--- BRIEF ---
Once the line holding "FEDERATION - Short Algodón Niño Federation" is found in the entries below, transcribe exactly every line up to and including the one holding "PLANCHA CHIVITERA ELECTRICA", but leave out the pictures.
####################
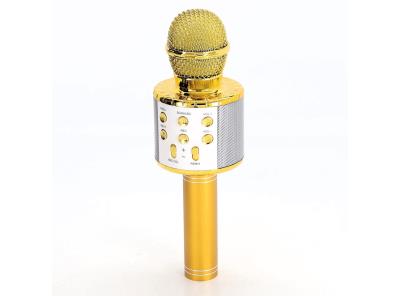 Karaoke mikrofon ‎Bluefire CT007-žlutý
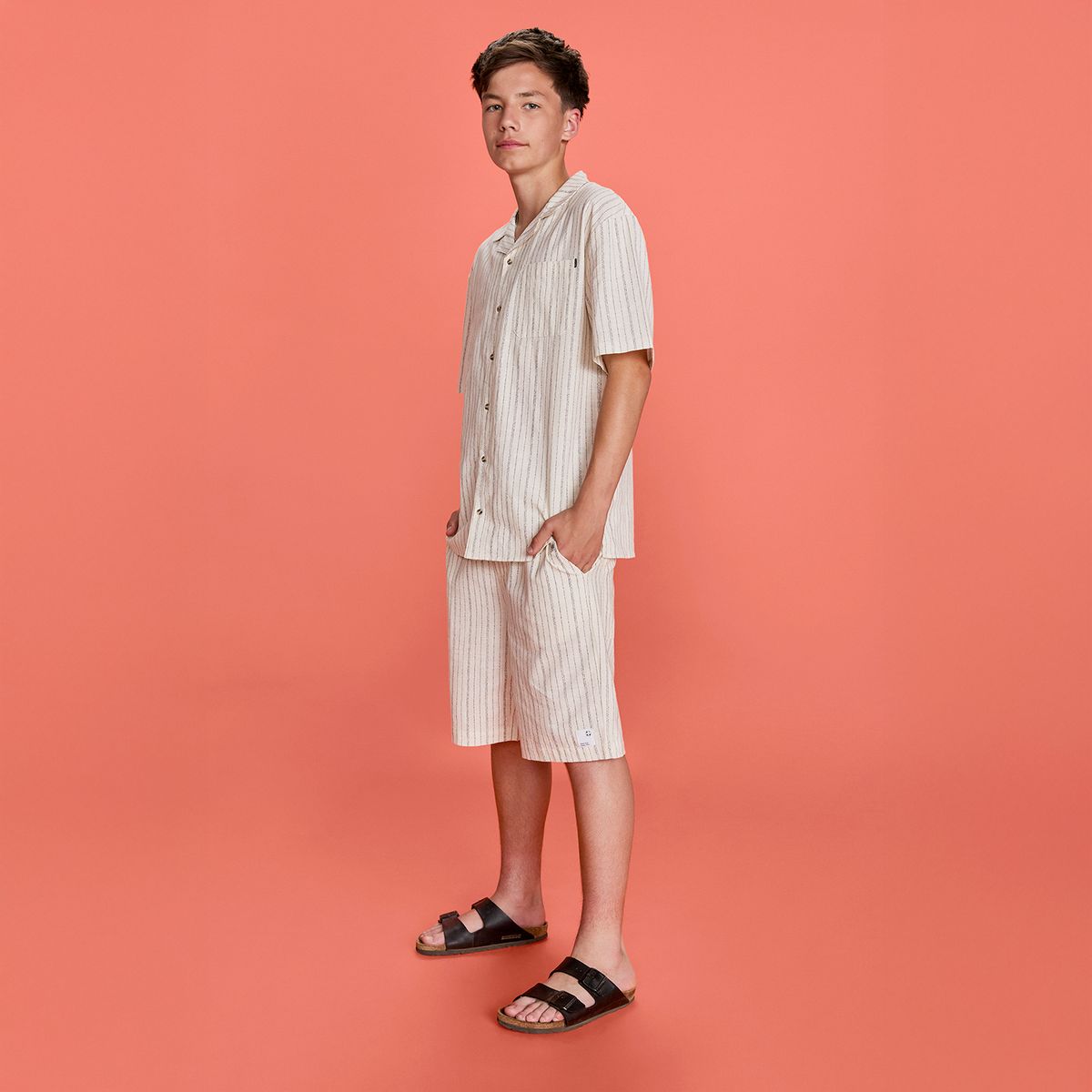 FEDERATION - Short Algodón Niño Federation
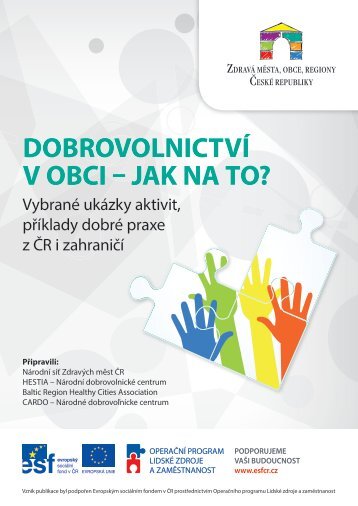 Dobrovolnictví v obci - jak na to? (2014)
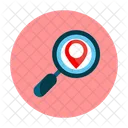 Searching Location  Icon
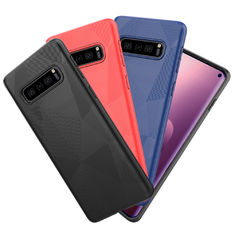 Caixa nova do telefone do silicone do projeto para a tampa do caso do Samsung Galaxy S10
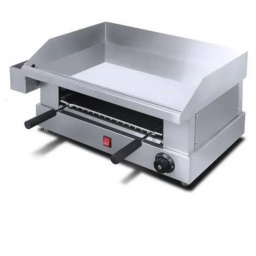 PLANCHA CHIVITERA ELECTRICA GRILL GRATINADOR INDUSTRIAL 58X45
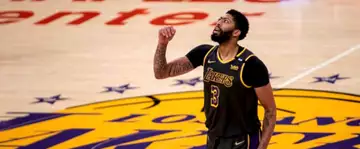 NBA : Anthony Davis sera absent au moins deux semaines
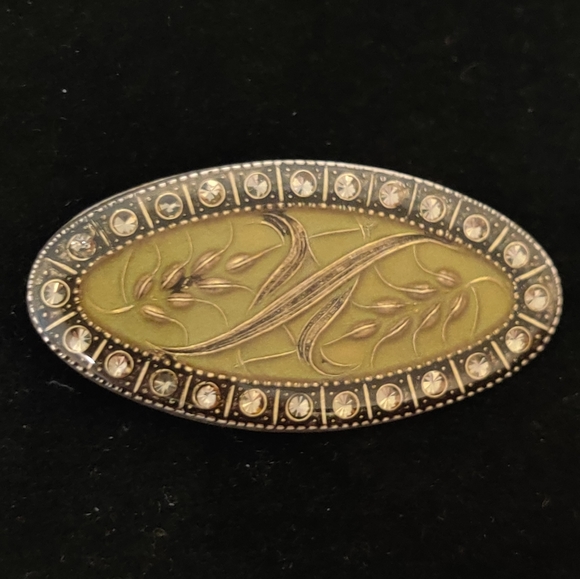 Vintage Art Nouveau Style pin by Catherine Popesco France - Picture 4 of 13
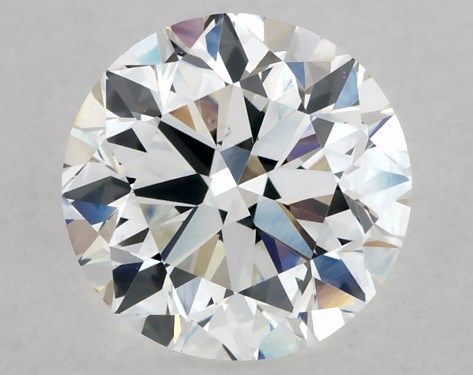 GIA 1.00 Carat H-VS2 Very Good Cut Round Diamond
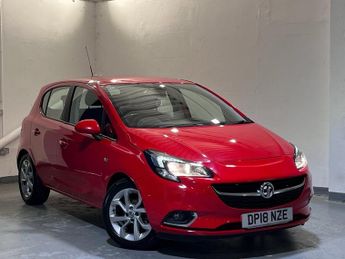 Vauxhall Corsa 1.4i ecoTEC SRi Hatchback 5dr Petrol Manual Euro 6 (90 ps)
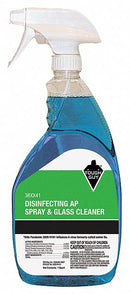 Tough Guy Disinfectant Cleaner, 1 qt. Cleaner Container Size, Trigger Spray Bottle Cleaner Container Type - 36XX41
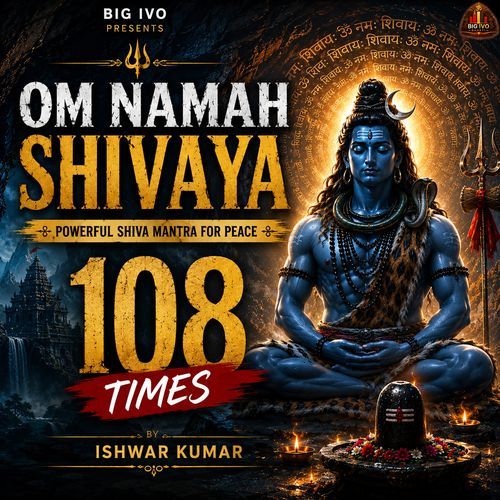 Om Namah Shivaya 108 Times
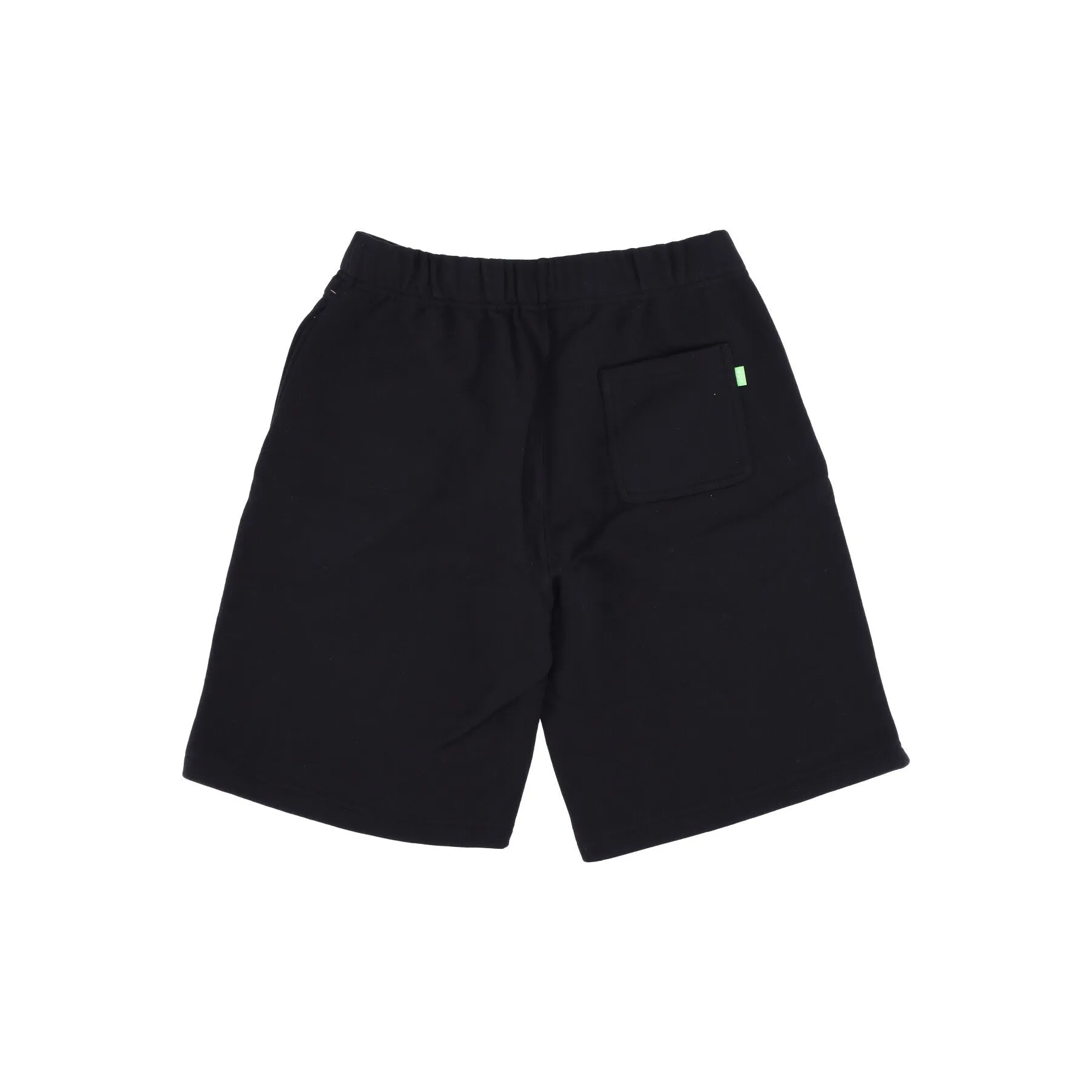 Pantalone Corto Tuta Felpato Uomo Infinity Jewel Fleece Short Black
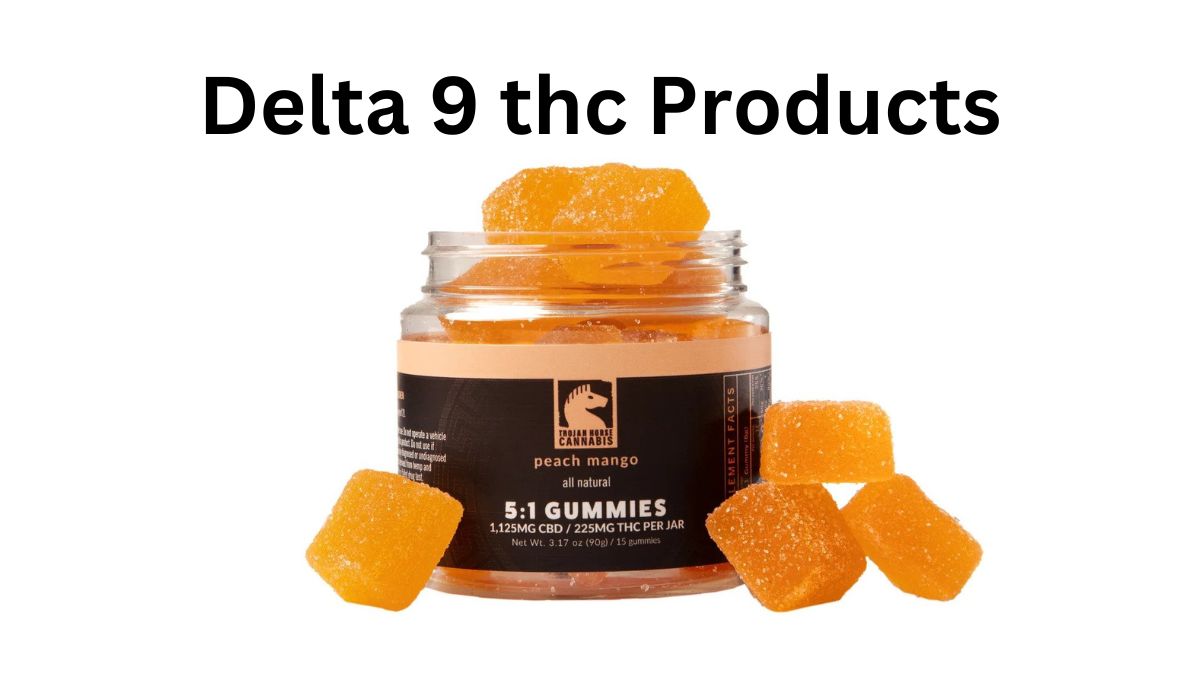 delta 9 thc products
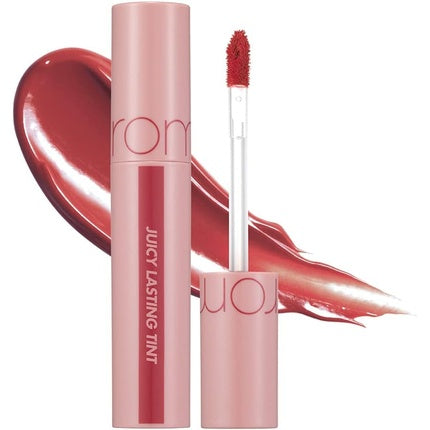 Lip Gloss, Rom&Nd, Juicy Lasting Tint, roșu
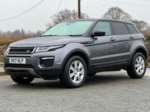 2017 (17) Land Rover Range Rover Evoque 2.0 TD4 SE Tech 5dr Auto For Sale In Flint, Flintshire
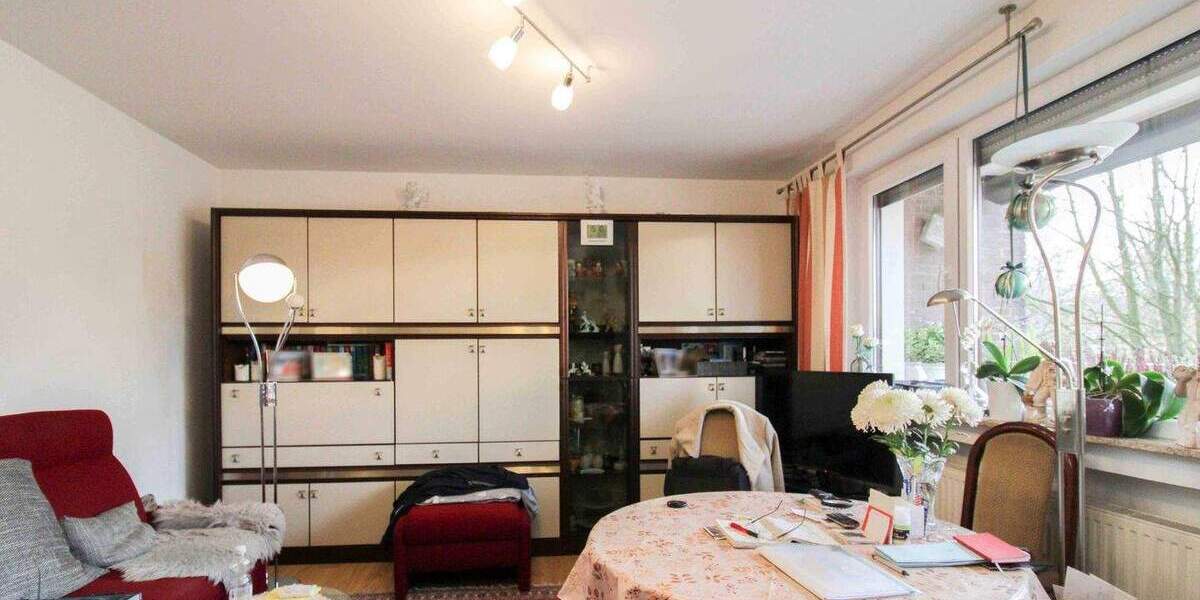 Etagenwohnung Duisburg Hochheide - 2 Zimmer, 56 m&sup2;, 79.000&euro; | Angebot:25425996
####################
--- TASK OUTPUT ---
 FEDERATION - Short Algodón Niño Federation
 Dobrovolnictví v obci - jak na to? (2014)
 Searching Location  Icon
 Caixa nova do telefone do silicone do projeto para a tampa do caso do Samsung Galaxy S10
 PLANCHA CHIVITERA ELECTRICA GRILL GRATINADOR INDUSTRIAL 58X45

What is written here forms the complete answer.